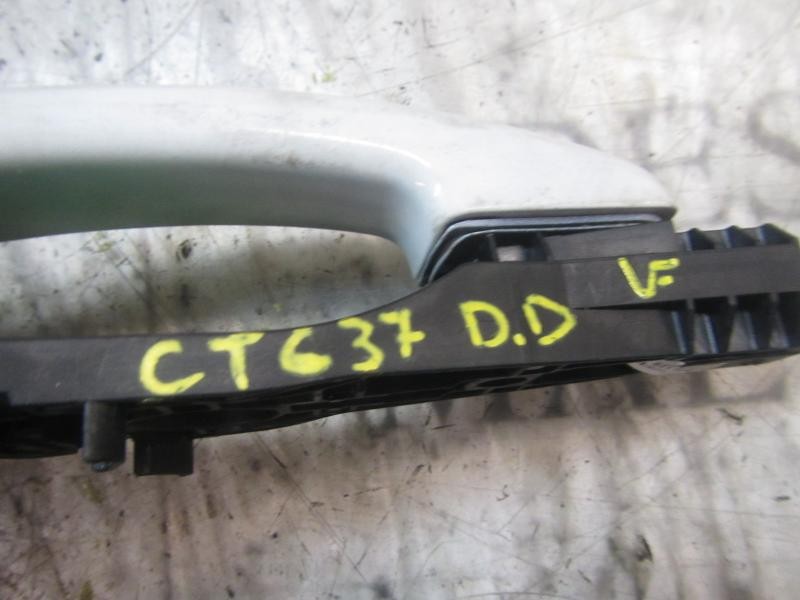 Recambio de maneta exterior delantera derecha para chevrolet cruze hatchback 1.6 cat referencia OEM IAM 13505889  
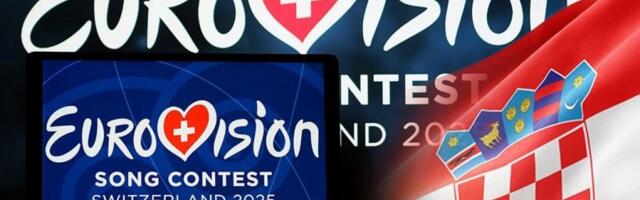 VANREDNA ODLUKA ORGANIZATORA EVROVIZIJE 2025! Hrvatska ispala u prvom poufinalu, a večeras se VRAĆA na scenu! ŠOK!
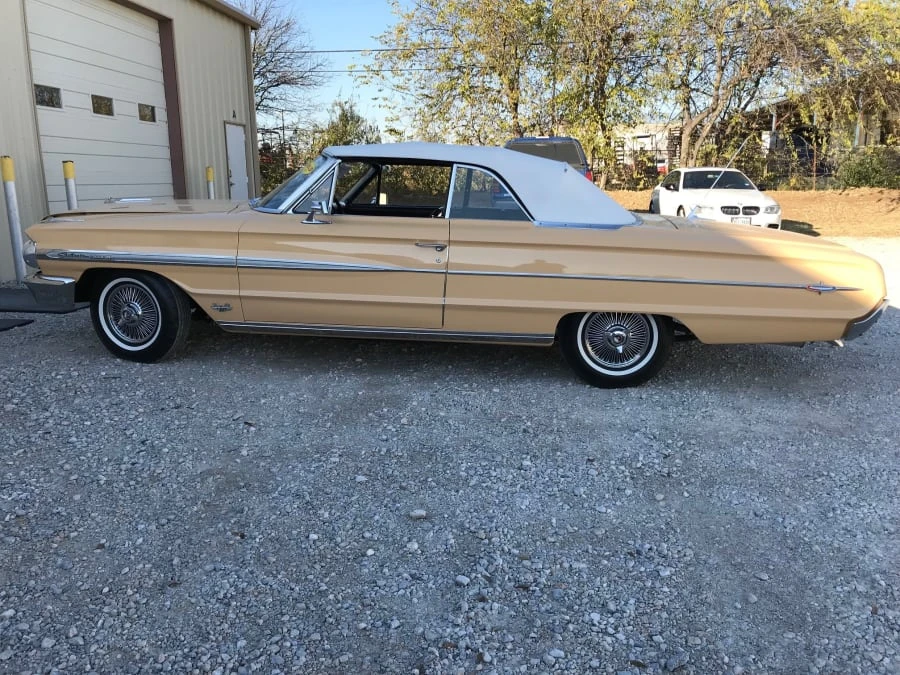 1964 Ford Galaxie 2nd Gen - Image 2 of 3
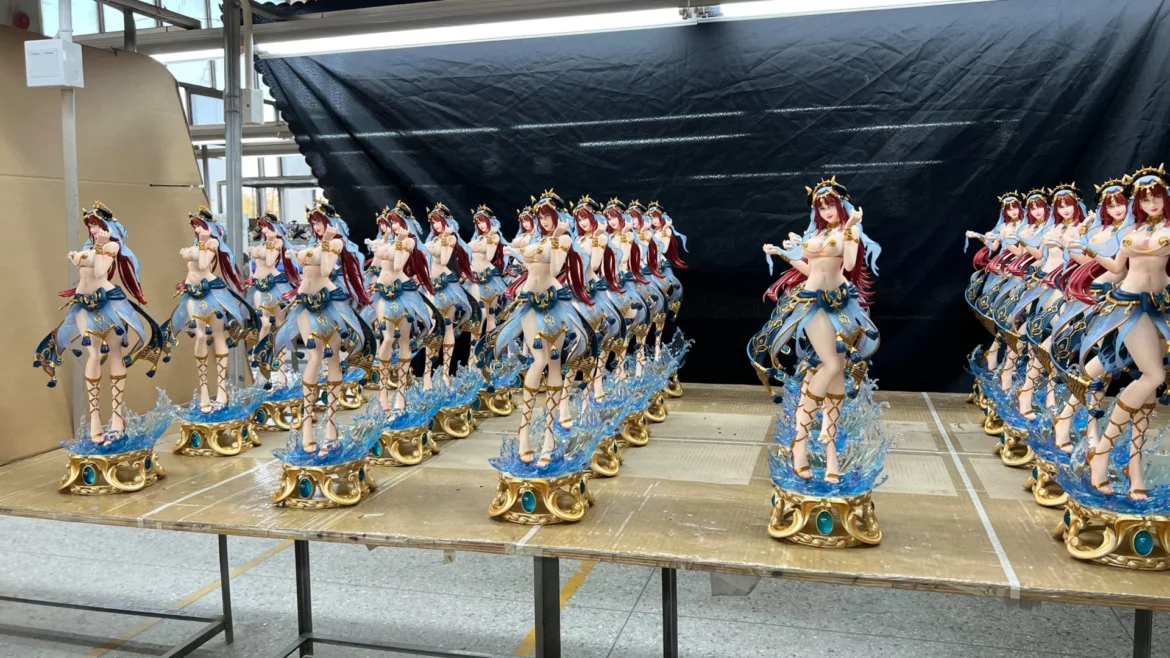 Exotic Nilou - Art Of Eden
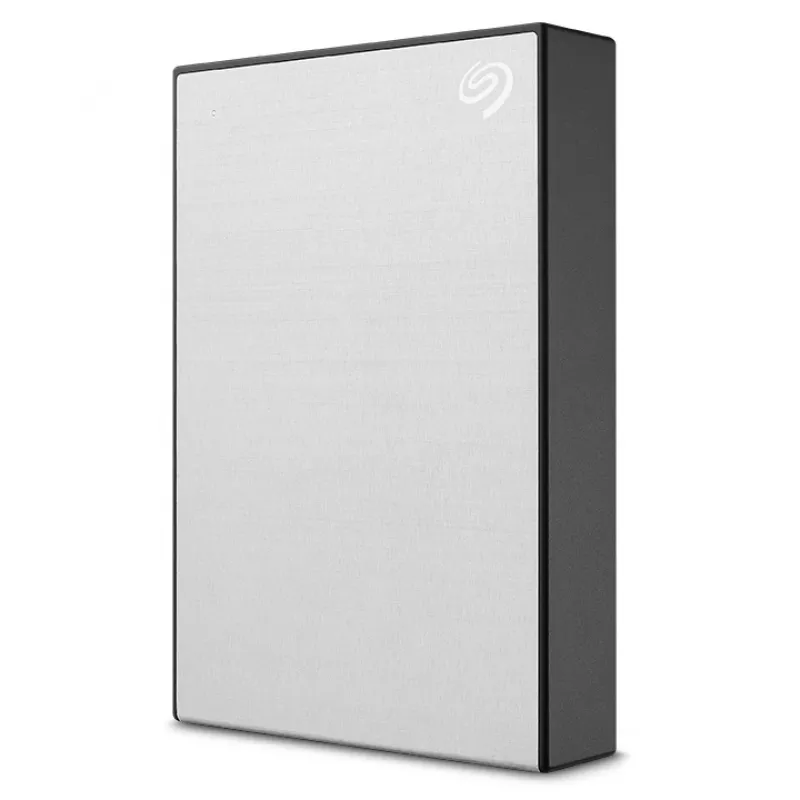 Seagate One Touch disco duro externo portátil (HDD), 5 TB, USB 3.0, plateado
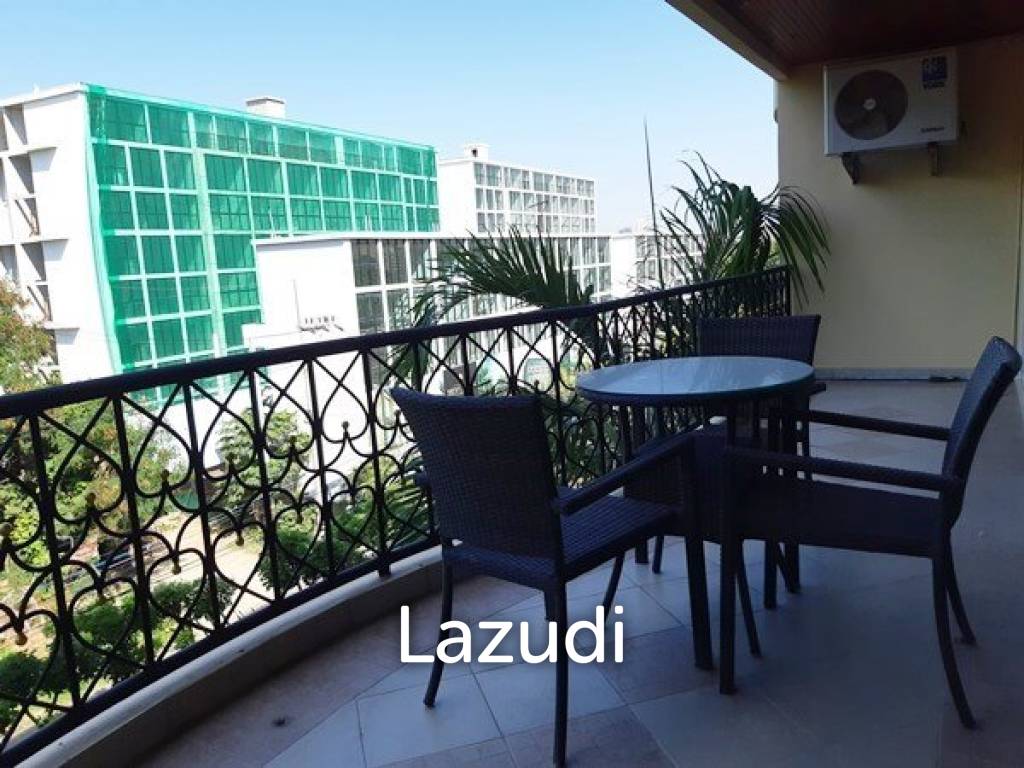 picture Pattaya Residence Jomtien Condo for Rent - 18/21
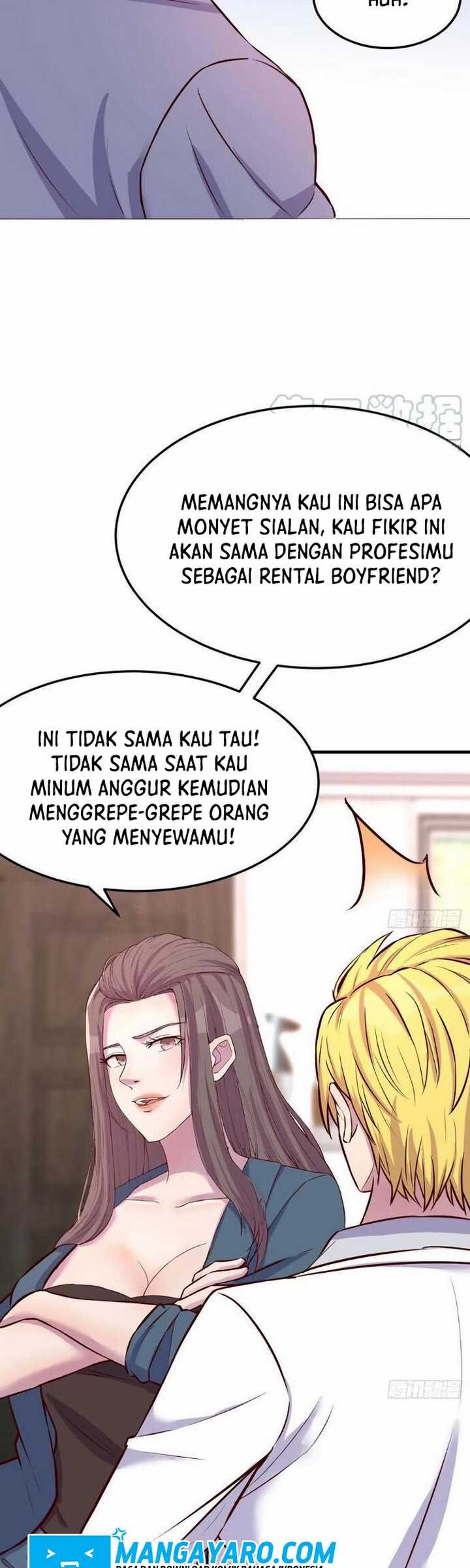 Rental Boyfriend Chapter 25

Exercise instructions: Give back the entries verbatim but drop every picture.

Written answer:
 Recambio de maneta exterior delantera derecha para chevrolet cruze hatchback 1.6 cat referencia OEM IAM 13505889  
 VANREDNA ODLUKA ORGANIZATORA EVROVIZIJE 2025! Hrvatska ispala u prvom poufinalu, a večeras se VRAĆA na scenu! ŠOK!
 1964 Ford Galaxie 2nd Gen - Image 2 of 3
 Exotic Nilou - Art Of Eden
 Seagate One Touch disco duro externo portátil (HDD), 5 TB, USB 3.0, plateado
 picture Pattaya Residence Jomtien Condo for Rent - 18/21
 Rental Boyfriend Chapter 25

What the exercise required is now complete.